Because of the strictures of the social hierarchy of 'masc' over 'femme' that's pervasive in many corners of gay life, as well as in heteronormative circles, the shamed become the shamers. So much time and energy is spent trying to prove manhood to heterosexual and cis people who deem themselves the gate keepers in climates like high school, that when a trans-feminine person, or feminine gay man for that matter, chooses to fully embrace that aspect of themselves, some gay men find it threatening. Suddenly all the effort to prove their manhood to some unseen force comes crashing down. 'Remember that guy in middle school who was so effeminate? Well now he's a she!' Suddenly the other guy who was also effeminate in middle school who went to great lengths to prove he's still a man 'despite being attracted to men,' feels like that grasp on it is more tenuous. I believe this is one of the subconscious factors which creates distance between some gay men and the trans movement, and in turn, leads some gay men to start petitions to 'divorce the T from the LGBT,' or for the Empire State Pride Agenda declaring mission accomplished with the Supreme Court's decision on marriage equality, leaving many trans and gender variant people behind.
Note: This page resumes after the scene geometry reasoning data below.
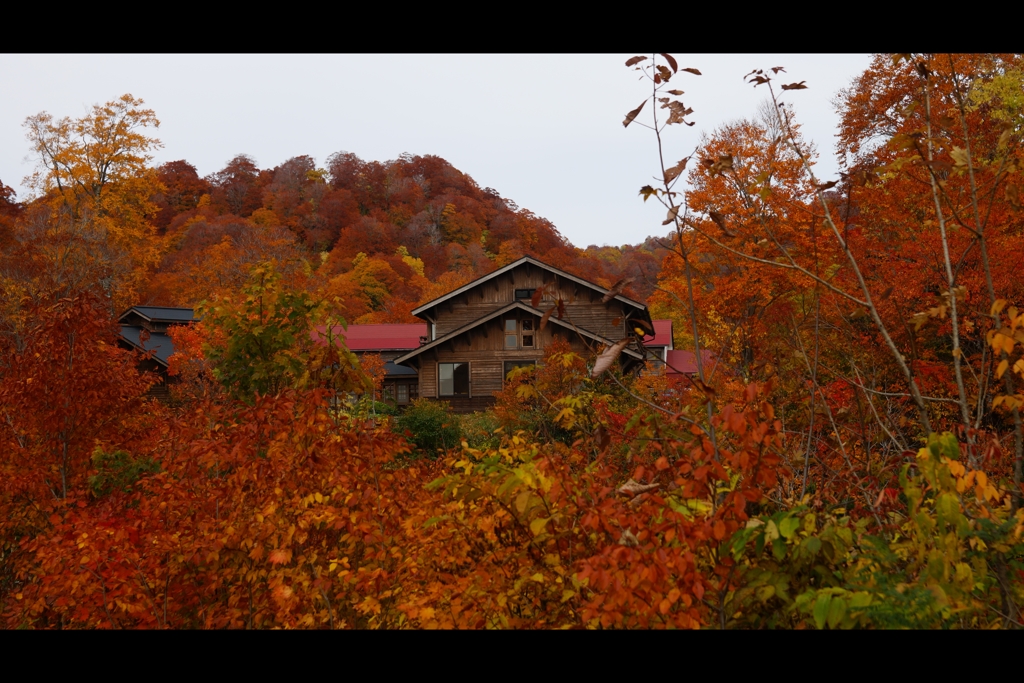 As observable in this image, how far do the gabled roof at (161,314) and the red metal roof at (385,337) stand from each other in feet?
26.0

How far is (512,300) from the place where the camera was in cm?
3047

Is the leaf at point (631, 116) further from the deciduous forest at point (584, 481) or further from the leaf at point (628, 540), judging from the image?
the leaf at point (628, 540)

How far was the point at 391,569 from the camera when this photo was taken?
4.88 metres

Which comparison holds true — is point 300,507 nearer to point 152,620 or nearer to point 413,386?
point 152,620

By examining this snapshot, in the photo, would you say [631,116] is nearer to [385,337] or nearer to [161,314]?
[385,337]

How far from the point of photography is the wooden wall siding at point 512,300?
97.6ft

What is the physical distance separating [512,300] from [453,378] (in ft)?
13.6

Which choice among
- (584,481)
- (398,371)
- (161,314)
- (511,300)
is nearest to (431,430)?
(511,300)

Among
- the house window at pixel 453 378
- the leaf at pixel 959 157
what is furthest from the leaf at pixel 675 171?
the house window at pixel 453 378

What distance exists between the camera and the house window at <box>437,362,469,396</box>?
99.2ft

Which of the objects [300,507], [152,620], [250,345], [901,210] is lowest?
[152,620] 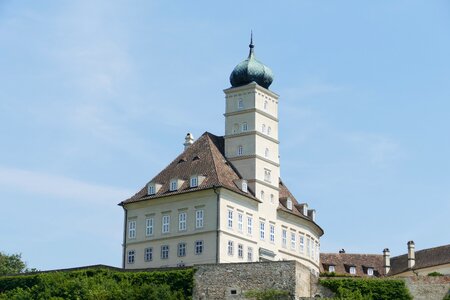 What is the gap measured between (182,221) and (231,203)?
3.33 metres

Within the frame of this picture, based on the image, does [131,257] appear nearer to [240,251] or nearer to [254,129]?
[240,251]

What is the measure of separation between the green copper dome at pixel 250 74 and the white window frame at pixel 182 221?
10609mm

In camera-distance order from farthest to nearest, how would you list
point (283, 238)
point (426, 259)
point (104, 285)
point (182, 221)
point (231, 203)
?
point (426, 259), point (283, 238), point (182, 221), point (231, 203), point (104, 285)

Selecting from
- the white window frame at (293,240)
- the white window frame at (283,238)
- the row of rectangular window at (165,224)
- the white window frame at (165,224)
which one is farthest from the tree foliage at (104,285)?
the white window frame at (293,240)

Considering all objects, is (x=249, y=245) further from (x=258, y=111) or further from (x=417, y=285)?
(x=417, y=285)

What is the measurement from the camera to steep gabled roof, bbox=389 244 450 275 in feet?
299

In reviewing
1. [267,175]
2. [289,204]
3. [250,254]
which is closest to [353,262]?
[289,204]

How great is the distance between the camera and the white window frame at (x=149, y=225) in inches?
3081

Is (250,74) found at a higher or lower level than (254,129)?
higher

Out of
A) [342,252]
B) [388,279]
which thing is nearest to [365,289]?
[388,279]

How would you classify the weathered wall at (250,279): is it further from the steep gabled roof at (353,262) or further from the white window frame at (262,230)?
the steep gabled roof at (353,262)

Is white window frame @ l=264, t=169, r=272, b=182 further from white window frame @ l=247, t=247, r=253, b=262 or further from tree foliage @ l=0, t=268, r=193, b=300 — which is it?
tree foliage @ l=0, t=268, r=193, b=300

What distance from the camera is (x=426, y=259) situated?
9288cm

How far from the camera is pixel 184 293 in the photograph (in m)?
65.4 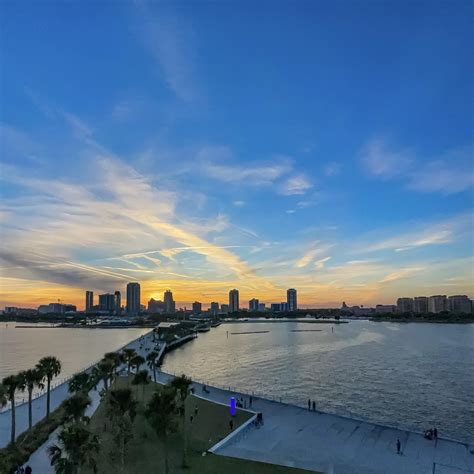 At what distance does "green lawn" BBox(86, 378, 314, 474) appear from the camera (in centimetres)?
2218

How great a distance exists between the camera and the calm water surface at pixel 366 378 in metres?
39.2

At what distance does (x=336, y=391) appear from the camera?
158ft

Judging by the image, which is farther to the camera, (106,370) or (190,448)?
(106,370)

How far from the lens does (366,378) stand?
183 ft

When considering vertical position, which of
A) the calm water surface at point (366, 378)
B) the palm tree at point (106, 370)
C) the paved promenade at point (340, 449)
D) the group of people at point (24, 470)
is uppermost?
the palm tree at point (106, 370)

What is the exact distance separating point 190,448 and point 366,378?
36645 millimetres

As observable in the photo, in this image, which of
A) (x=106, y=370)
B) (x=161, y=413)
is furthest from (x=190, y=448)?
(x=106, y=370)

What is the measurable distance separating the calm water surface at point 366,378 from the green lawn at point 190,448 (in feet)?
45.0

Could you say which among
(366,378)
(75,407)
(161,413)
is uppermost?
(161,413)

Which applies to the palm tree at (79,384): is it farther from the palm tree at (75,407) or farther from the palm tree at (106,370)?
the palm tree at (75,407)

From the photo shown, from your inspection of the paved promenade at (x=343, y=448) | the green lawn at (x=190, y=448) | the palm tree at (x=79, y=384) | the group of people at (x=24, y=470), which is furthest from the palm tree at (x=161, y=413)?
the palm tree at (x=79, y=384)

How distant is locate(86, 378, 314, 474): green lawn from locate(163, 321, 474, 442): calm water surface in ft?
45.0

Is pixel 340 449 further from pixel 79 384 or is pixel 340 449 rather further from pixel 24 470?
pixel 79 384

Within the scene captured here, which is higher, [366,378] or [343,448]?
[343,448]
Now this is of course not to say that all gay men feel this way, nor is it to say that abject masculinity is inherently unnatural to gay men, it's only to say that femininity shaming is a common experience in those sexually or gender variant who were assigned male at birth. I'm also not arguing that this is the only factor that causes the LGB and T schism. Only that it is one of them. And because it's the subconscious result of many years of hetero and cisnormative programming, it's one of the more prickly and nefarious ones. I believe that this femininity shaming gets carried over to a generic discomfort with those who claim that femininity. Both communities, and for that matter, everyone under the LGBTQIA umbrella has a responsibility to acknowledge and deal with their internalized shame. I'm loathe to say we all have it, but certainly many of us do. I know that I do. But we all have more in common than things that tear us apart. It's our internalized shame and self-judgement that will drive us from each other and keep us from embracing the full breadth of our collective experiences. Us sexually and gender variant folk are much stronger together than we are apart.